** ABOUT THIS TASK **
Copy nothing but the lines below, from the one with "Always mix the" through the one with "I'm looking for", exactly as written; no pictures should appear.

** Collected data **
____
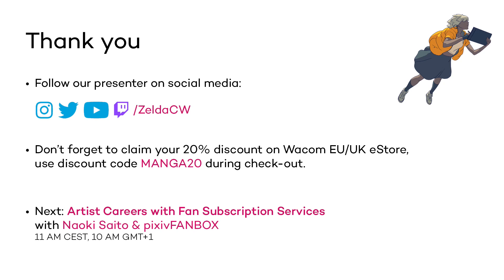If you want to follow up on Zelda's work, do follow her on social media. If you want to share your art during Wacom Manga and Anime Days, feel free to use the hashtag WacomMAAD. Don't forget to check out our EU and UK eStore offer with up to 20% discount with MANGA20. A huge thank you to Zelda and Joanna for this amazing session. That was it for day two — we will be back tomorrow with Naoki Saito and Pixiv for a talk on artist careers with fan subscription services. Thank you for now and bye-bye!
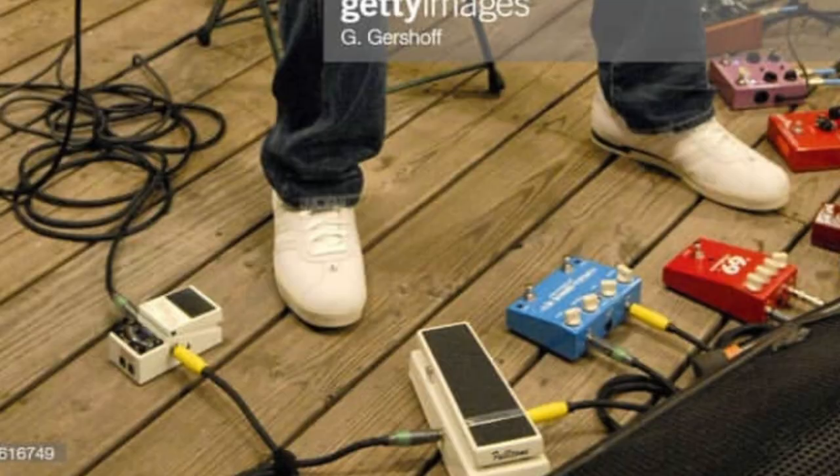Leading into 2006 and around the time of Continuum recording, John actually experimented with the Fulltone Clyde wah with a performance he did with Just Blaze in about mid-2006. Remember this white Fulltone Clyde wah because it does appear again once more in our timeline.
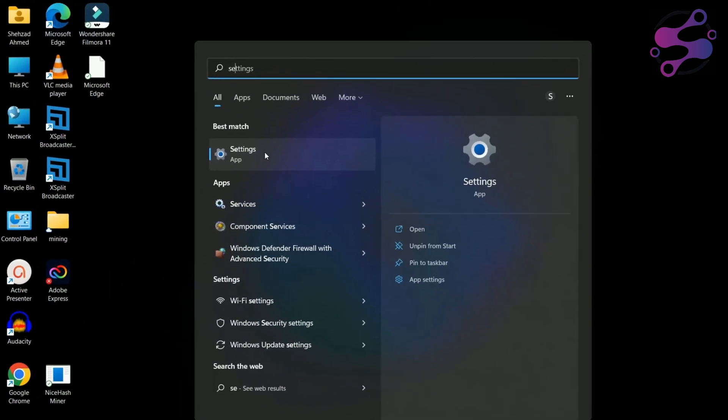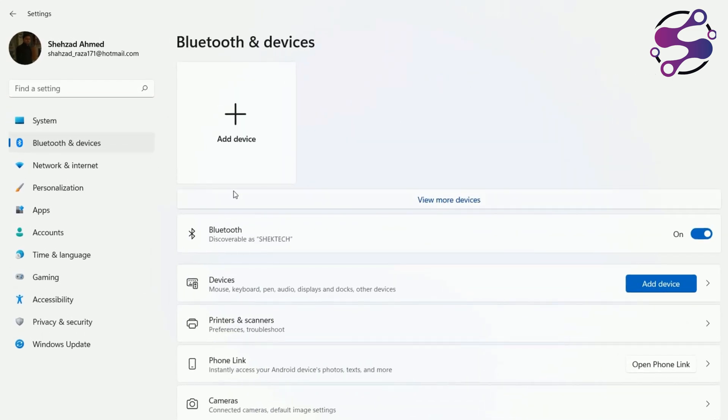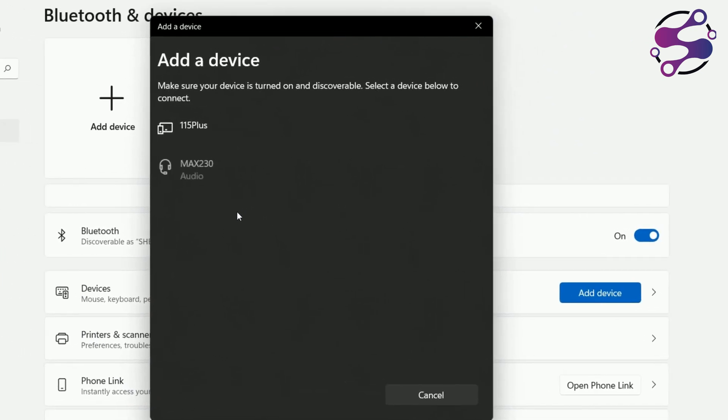So let's get started. Go to Settings — you can find Settings here — and we are going to add a device. Click on the device to proceed.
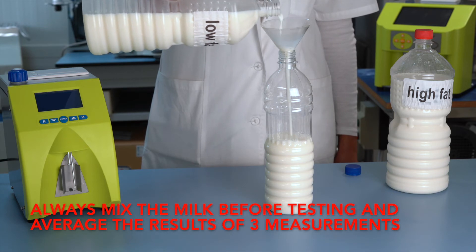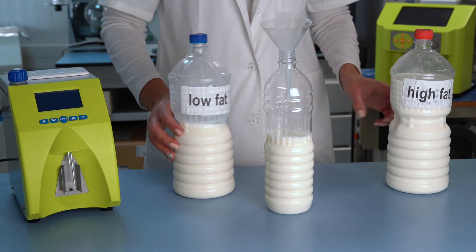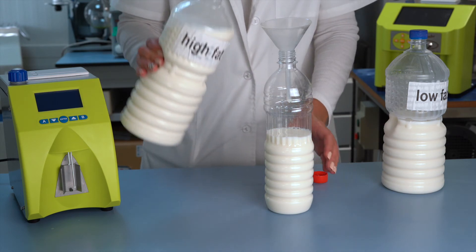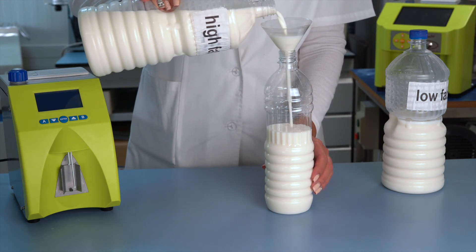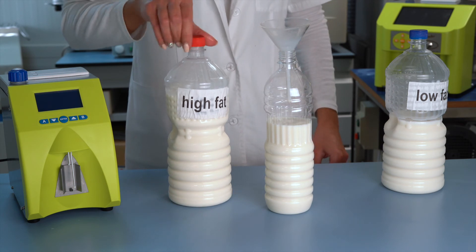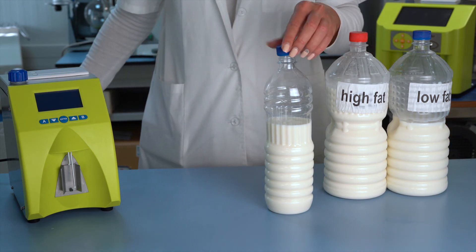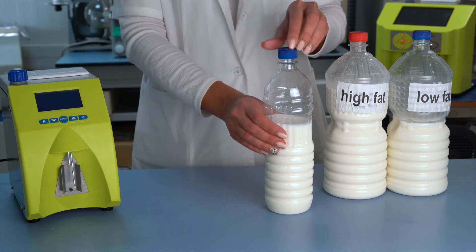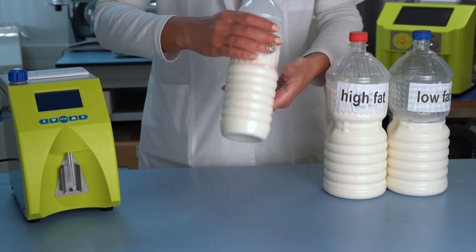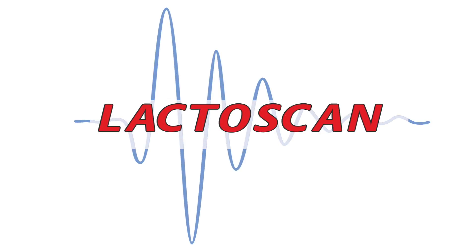Always mix the milk before testing and average the results of three measurements. Thank you so much for watching.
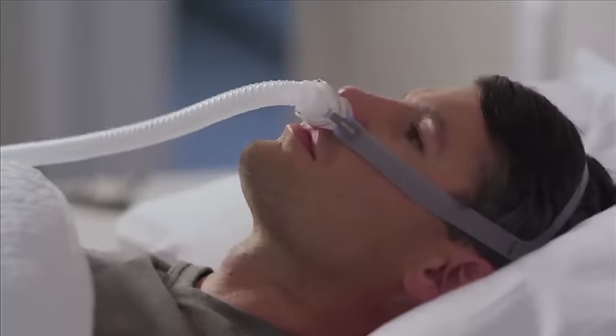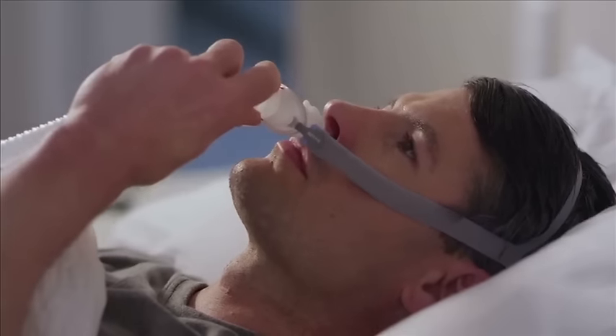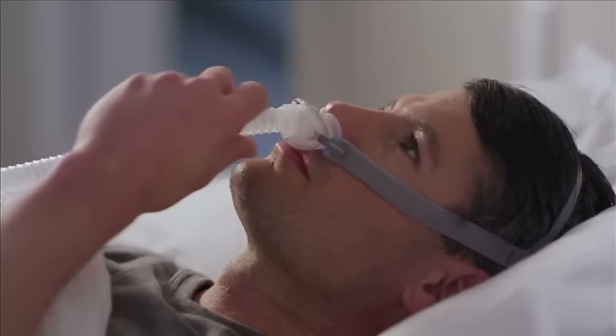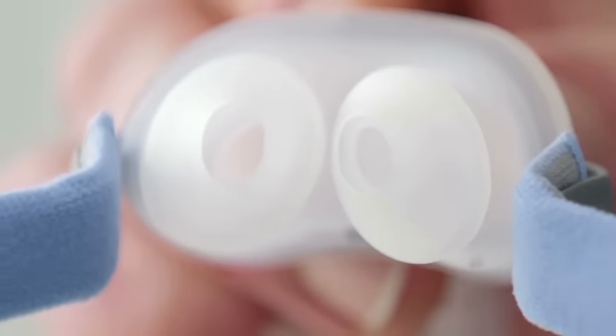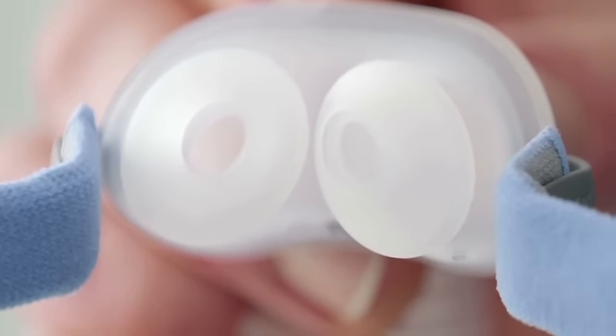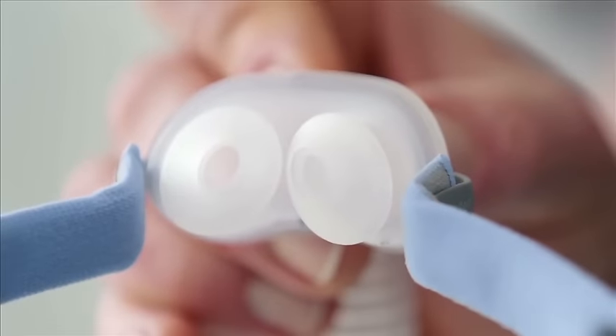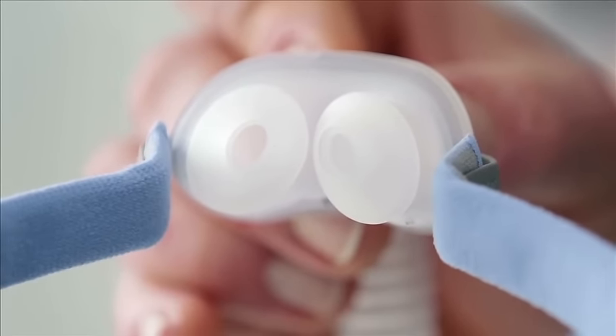If your mask is uncomfortable or leaking air, try repositioning your mask. Do this lying down, as that's how you'll be using it. If you notice that the inner wall of one or both of the pillows is slightly out of shape, compressed or collapsed, just squeeze the sides to release the pressure and it should spring back to shape.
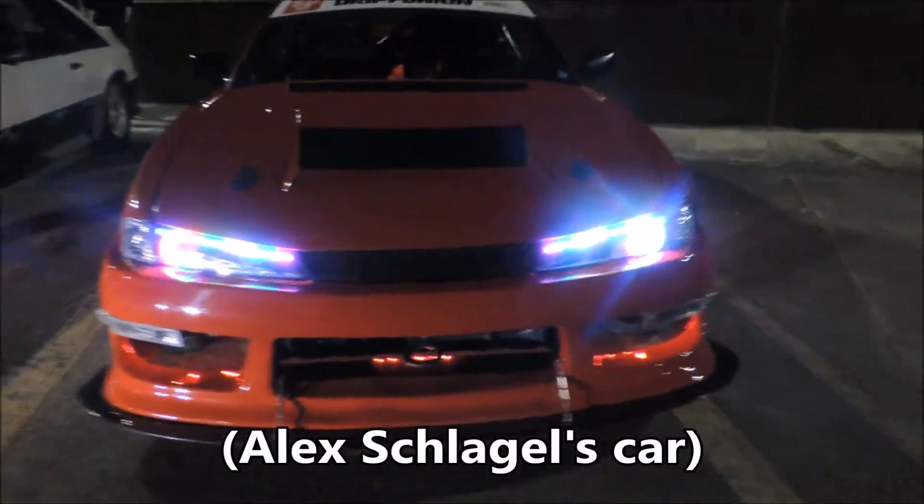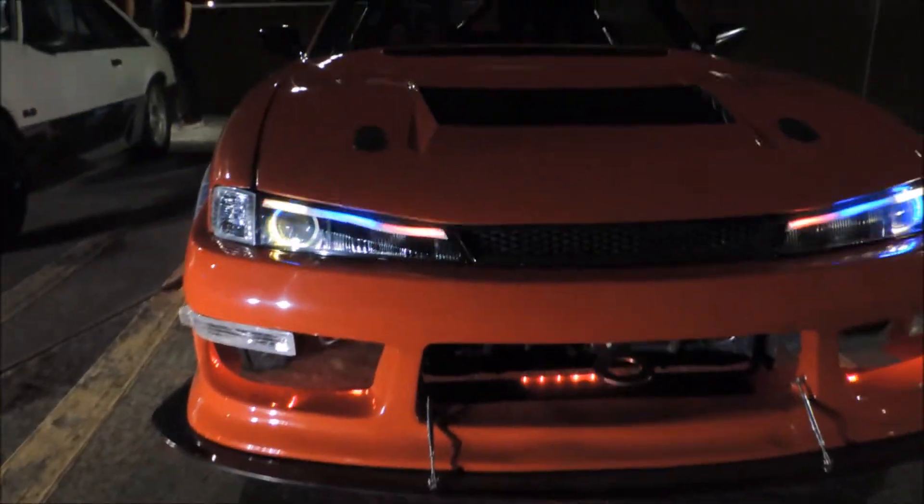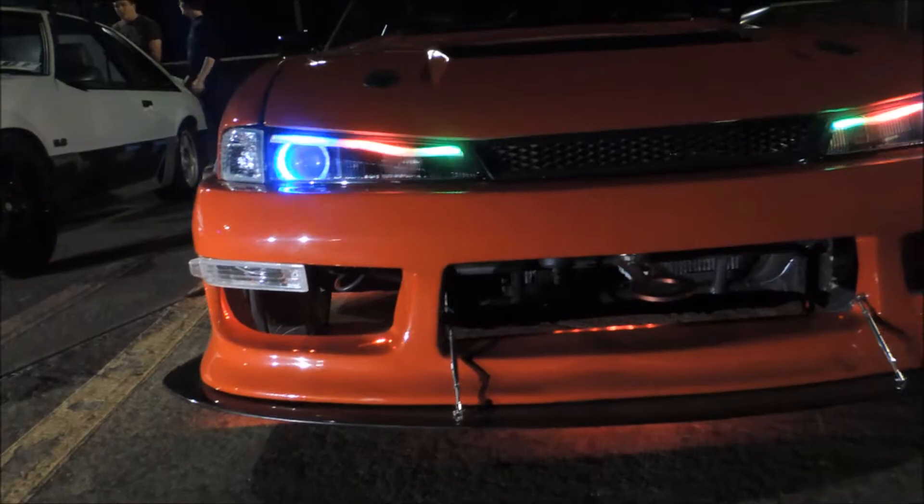Oh my gosh, that's dope. Damn, that's a clean car. That's close. Thank you.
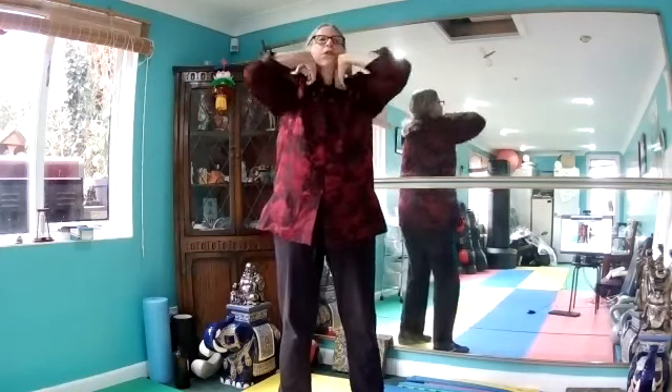Fingers on the shoulders. We're going to rotate, touching the elbows together at the front. And reversing. Creaky shoulders — hopefully you can't hear that. We'll get the oil can out later.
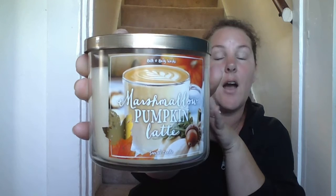I'm looking for more transitional candles since those were mostly spring-summer. I haven't explored Bath and Body Works candles until last year and now I'm hooked — it's like part of my addiction. Next up is new this year and I've heard mixed reviews. It is the Marshmallow Pumpkin Latte. I love the label.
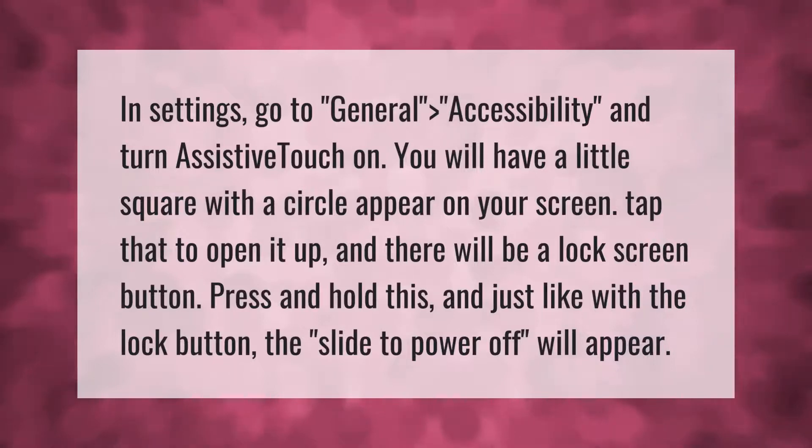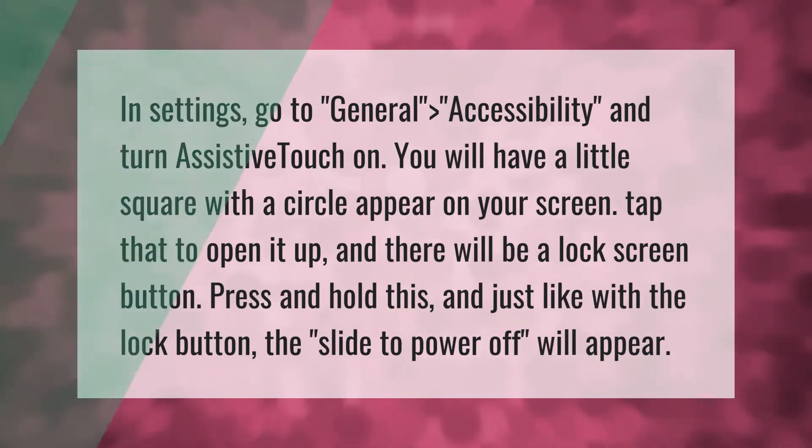In Settings, go to General > Accessibility and turn Assistive Touch on. A little square with a circle will appear on your screen. Tap that to open it up and there will be a lock screen button. Press and hold this and, just like with the lock button, the slide to power off will appear. Thank you for watching — please subscribe and hit the bell notification.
____
** EXPECTED OUTPUT **
Always mix the milk before testing and average the results of three measurements. Thank you so much for watching.
If your mask is uncomfortable or leaking air, try repositioning your mask. Do this lying down, as that's how you'll be using it. If you notice that the inner wall of one or both of the pillows is slightly out of shape, compressed or collapsed, just squeeze the sides to release the pressure and it should spring back to shape.
Oh my gosh, that's dope. Damn, that's a clean car. That's close. Thank you.
Fingers on the shoulders. We're going to rotate, touching the elbows together at the front. And reversing. Creaky shoulders — hopefully you can't hear that. We'll get the oil can out later.
I'm looking for more transitional candles since those were mostly spring-summer. I haven't explored Bath and Body Works candles until last year and now I'm hooked — it's like part of my addiction. Next up is new this year and I've heard mixed reviews. It is the Marshmallow Pumpkin Latte. I love the label.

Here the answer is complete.